STEP ONE: Think back to how this all happened. Take out a sheet of paper and jot down conversations or thoughts. Do not merely assume that it was entirely your coworker’s fault. How might have you contributed to the conflict? Being passive during moments when your coworker was being unreasonable was still a decision you chose to make. Once you backtrack and try to see the whole picture, it will be easier for you to have a fair conversation.

STEP TWO: Try to talk to your coworker when they are in a calm mood. Picking a time where there is a company deadline is not the smartest move. Instead, try scheduling a lunch or a coffee break, if possible. There’s something about food that always brings people together. If they don’t want to talk with you, you need to be patient with them and not show any traces of anger or frustration. Instead, ask at another time with a sense of urgency over how their input will be valuable to you.

STEP THREE: Use the sandwich approach. This is where you first load on the accomplishments this person has made or something positive they bring to the table. Unless they are an absolutely horrible person, chances are that they probably have at least one positive trait that is worth admiring. After you’ve finished praising them, it’s time to address what could be improved. This is where the meat of the conflict is exposed. Never use an accusatory tone or words. Extreme words like, “never,” “always,” and a sarcastic tone will not get you anywhere. Watch for your body language, as this is 80% of communication. After you shared your thoughts, support them with encouragement and ask them for their thoughts. Leaving the discussion open-ended gives them an opportunity to be heard. This is very important to create a constructive environment.

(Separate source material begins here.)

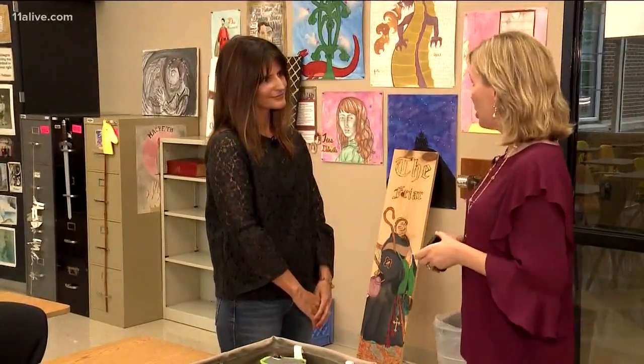This is Jane O'Brien, an 11th grade English teacher, and you have a system called Yonder. How does it work?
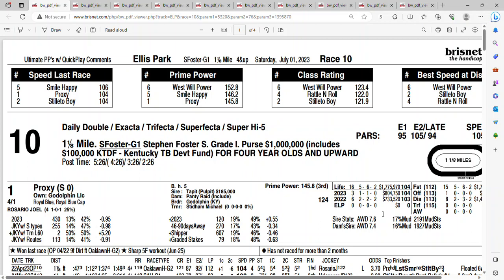Welcome to Mr. Handicapper. Before I take a look at race number 10 on Saturday at Ellis Park, the Stephen Foster, I just want to say there's a lot of great racing this weekend, a bunch of great stakes races. I will be posting analysis for some of the other races this weekend as well. So if you haven't subscribed, hit the subscribe button so you'll be instantly notified when my picks are posted. Also, this is a great time for horse racing because we've got Saratoga and Delmar that are about to come up.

If you came to a resolution, congratulations! If there is still conflict, the next steps may be to talk with your supervisor. Start off the conversation about your desire to do the best in the company. Be careful, however, to never show your co-worker in a negative light. Present the problems as you see them and express how you would like the environment to be more positive, and continually reinforce that you want the best for the company.